We may also want to remove numbers and special characters. First we need a tibble to store these kind of stop symbols under:

stop_symbols <- tibble(word = c("1", "2", "3", "4", "5", "6", "7", "8", "9", "0", "#", "(", ")", "."))

Since the survey data is in one-word-per-row format, we can remove stop symbols with an anti_join (from dplyr):

words <- words %>%
  anti_join(stop_symbols)

The data are now cleaner, but not shown here.

This now also is the point were we also could do some stemming. For this we need this library:

library(SnowballC)

Which gives us a function ‘wordstem’:

words_stemmed <- mutate(words, word = wordStem(word))
head(words_stemmed, n=20L)

But we don’t want to use the stemmed words just now because it would intefere with the sentiment analysis. Stemming is useful, but only once we no longer need “real” words, such as for topic modelling and the likes.

Word frequencies

Now we can calculate word frequencies for each person. First, we group by person and count how many times each person used each word. Then we use left_join() to add a column of the total number of words used by each person.
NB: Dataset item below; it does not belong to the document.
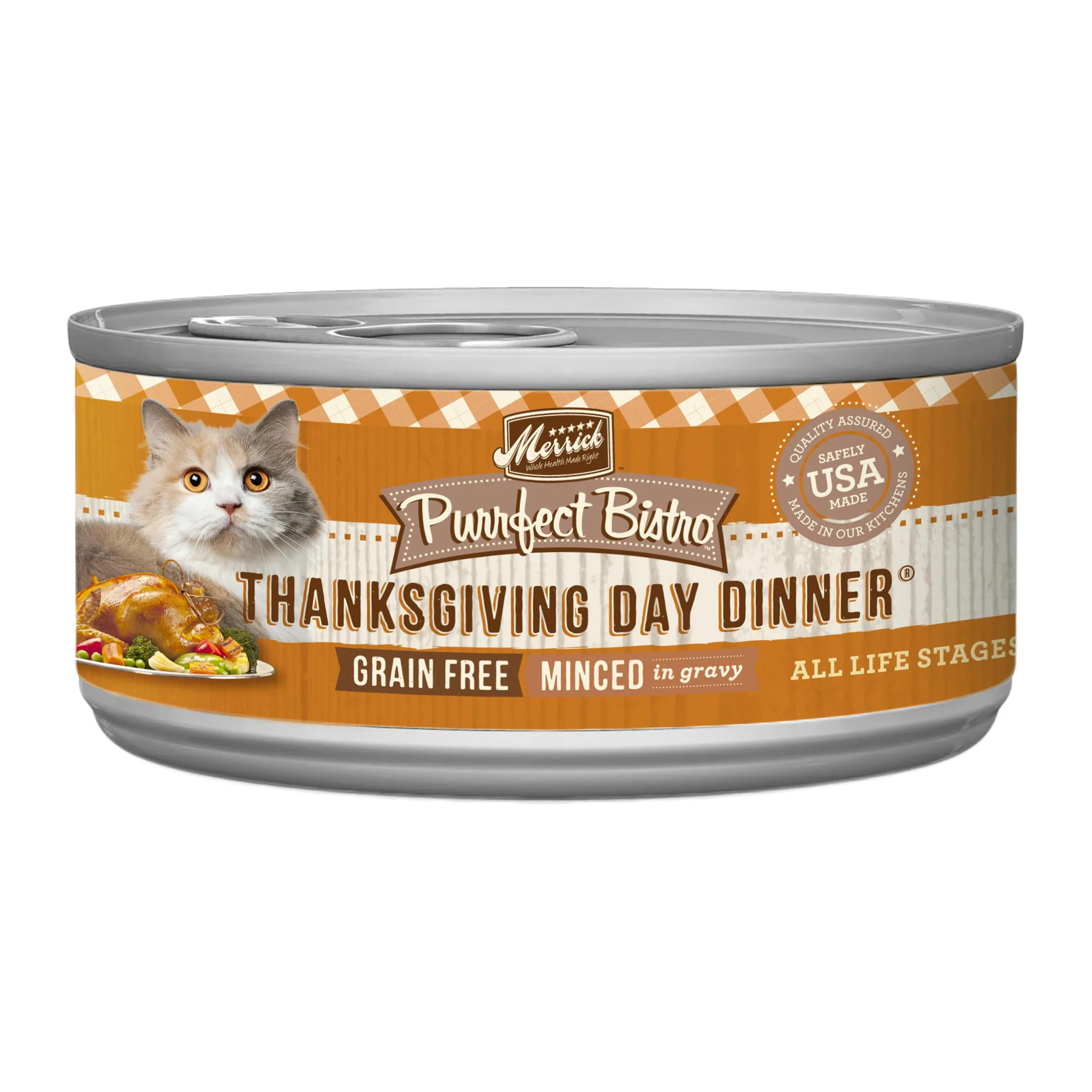 Merrick Purrfect Bistro Grain Free Thanksgiving Day Dinner Morsels in Gravy Wet Cat Food, 5.5 oz., Case of 24 | Petco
Finally, we calculate a frequency for each person and word. (If this is really meaningful across questions, as done here, is debatable but this is mainly a demonstration. See below for filtering and grouping.)

frequency <- words %>% 
  group_by(Respondent) %>% 
  count(word, sort = TRUE) %>% 
  left_join(words %>% 
              group_by(Respondent) %>% 
              summarise(total = n())) %>%
  mutate(freq = n/total)
Joining, by = "Respondent"
head(frequency)

Sentiment analysis

Sentiments across all questions

To repeat form the very first example, if we were interested in the joyfulness, we can get words of joy from for instance the nrc lexicon:

nrc_joy <- get_sentiments("nrc") %>% 
  filter(sentiment == "joy")

And then look for them in answers to from Q1 to Q9:

words %>%
  inner_join(nrc_joy) %>%
  count(word, sort = TRUE) %>%
  top_n(10)
Joining, by = "word"
Selecting by n

Sentiment anaysis on one question

Just for Q1:

words %>%
  filter(question == "Q1") %>%
  inner_join(nrc_joy) %>%
  count(word, sort = TRUE)
Joining, by = "word"

Note that questions IDs are now a row value, so we need to filter (rows) rather than select (variables).

Sentiment on all questions

words %>%
  group_by(question) %>%
  inner_join(nrc_joy) %>%
  count(word, sort = FALSE)
Joining, by = "word"

We turned sorting on the count off here because we want to have the results grouped by question id. If Sorting was TRUE, the numeric count would be used first, then the question ID.

Sentiment analysis on a sub-set of all questions

Let’s pick Q1, 3 and 7:

words %>%
  filter(question == "Q1" | question == "Q3" | question == "Q7") %>%
  inner_join(nrc_joy) %>%
  count(word, sort = TRUE)
Joining, by = "word"

Most common positive and negative sentiment words

Using the lexicon bing, we can find how words costribute to sentiments

bing_word_counts <- words %>%
  inner_join(get_sentiments("bing")) %>%
  count(word, sentiment, sort = TRUE) %>%
  ungroup()
Joining, by = "word"
head(bing_word_counts)

Let’s graph this with ggplot2:

bing_word_counts %>%
  group_by(sentiment) %>%
  top_n(10) %>%
  ungroup() %>%
  mutate(word = reorder(word, n)) %>%
  ggplot(aes(word, n, fill = sentiment)) +
  geom_col(show.legend = FALSE) +
  facet_wrap(~sentiment, scales = "free_y") +
  labs(y = "Contribution to sentiment",
       x = NULL) +
  coord_flip()
Selecting by n

The top_n(10) seems not to work but let’s worry about that later.

There’s much one one can do with sentiment analysis, obviously, see the tidytext book amongst others.